Crawled caption data:
━━━━━━━━━━━━━━━━━━━━━━━━━━━━━━

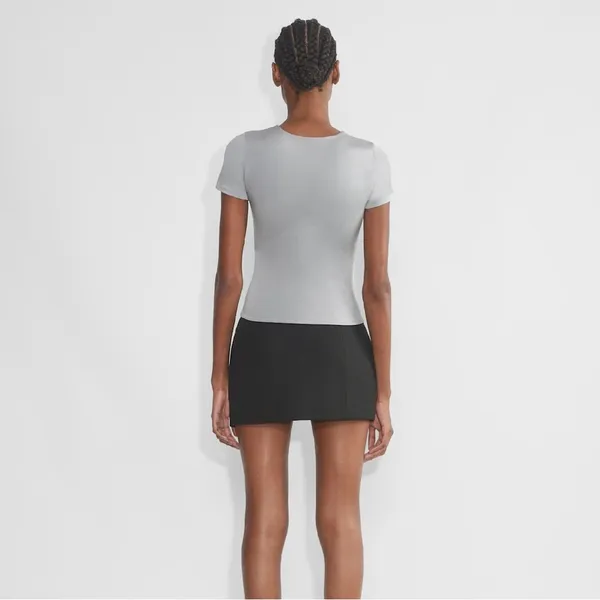Aritzia Contour Crewneck Tee - Gray - Image 3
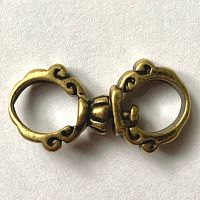 Вертлюг Латунь фигурный  - купить для кожевенного хобби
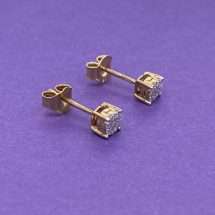 9ct Yellow Gold 0.05cts Diamond Stud Earrings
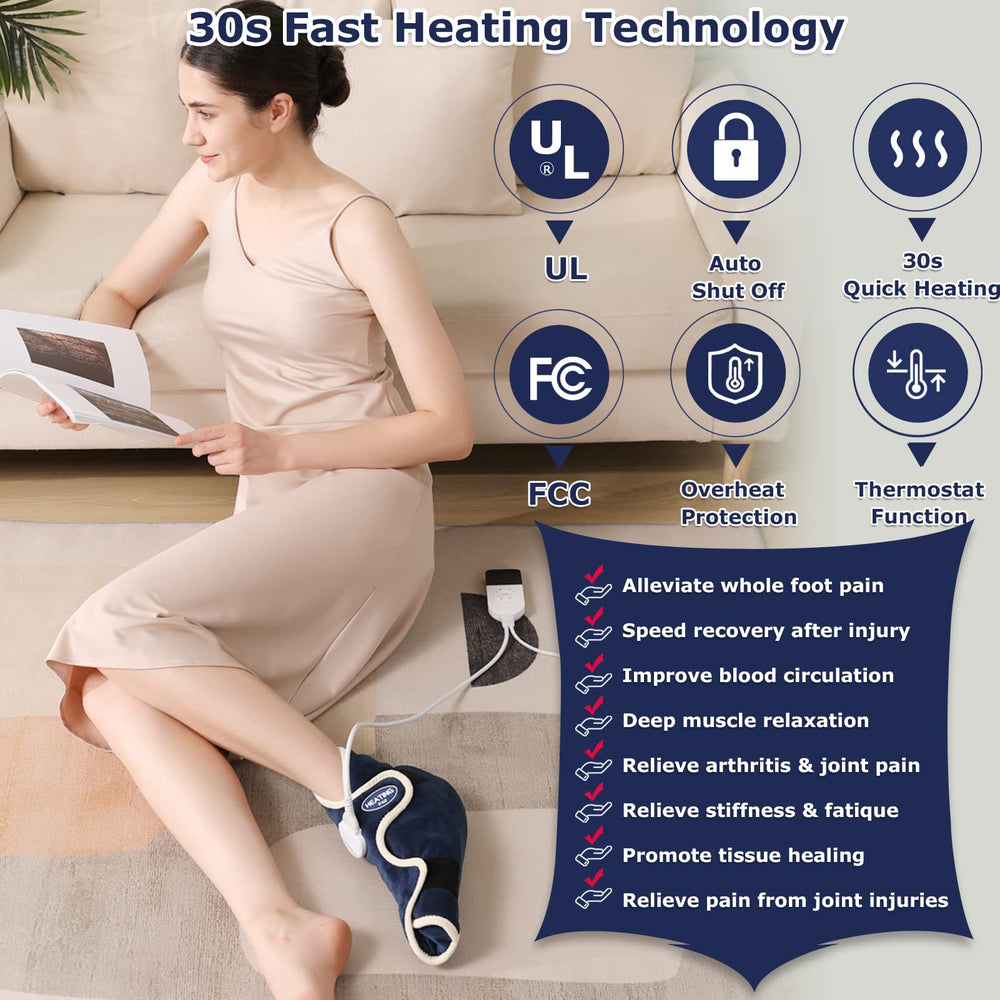 CAMECO under-desk heat wrap enables hands-free warmth at work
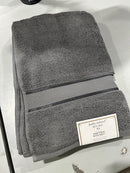 KATHY IRELAND BATH TOWEL 34IN X 65IN - PEBBLE GRAY - Like New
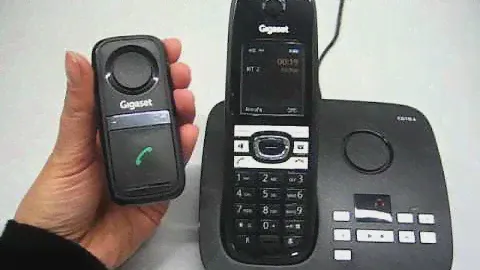 Gigaset L410 Handsfree Clip - Registration with DECT base station (with answering machine)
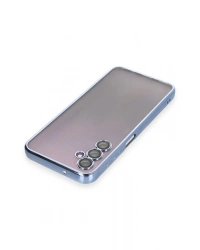 Newface Samsung Galaxy A14 4G Kılıf Razer Lensli Silikon - Açık Mavi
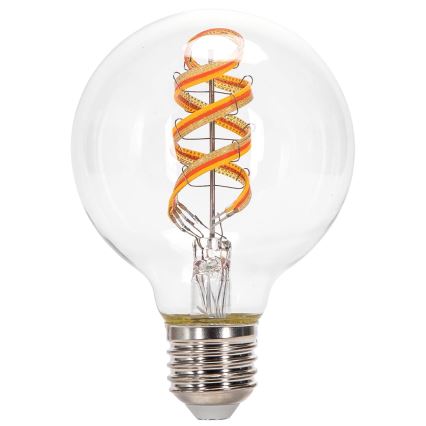 LED RGBW Spuldze FILAMENT G80 E27/4,9W/230V 2700K - Aigostar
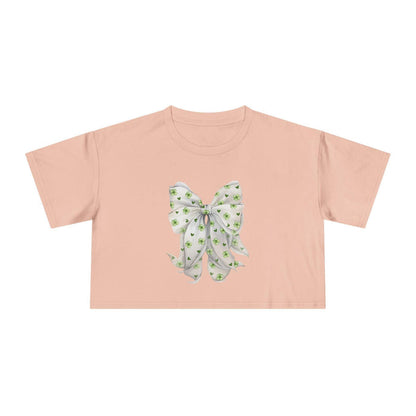 Shamrock Hearts Women's Cropped Tee - Spread the Luck and Love! - Whippie's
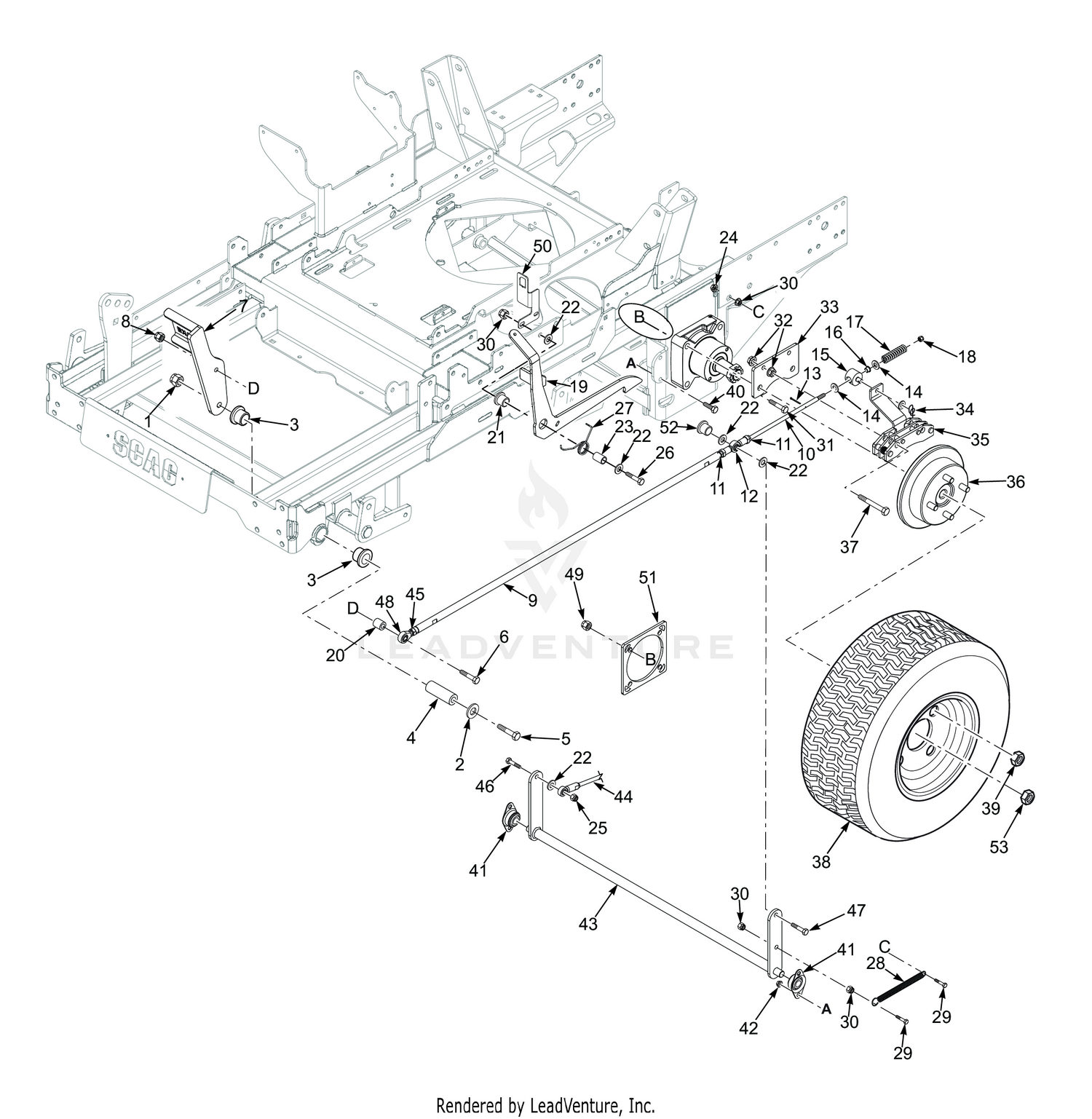 STTII BRAKE COMPONENTS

━━━━━━━━━━━━━━━━━━━━━━━━━━━━━━

▶ [WHAT YOU NEED TO DO]: From the line containing "Shamrock Hearts Women's" through the last line of the data above, write out every line word for word, and nothing else. Do not include the pictures.

▶ [SOLUTION TO THIS PROBLEM]:
 Shamrock Hearts Women's Cropped Tee - Spread the Luck and Love! - Whippie's
 STTII BRAKE COMPONENTS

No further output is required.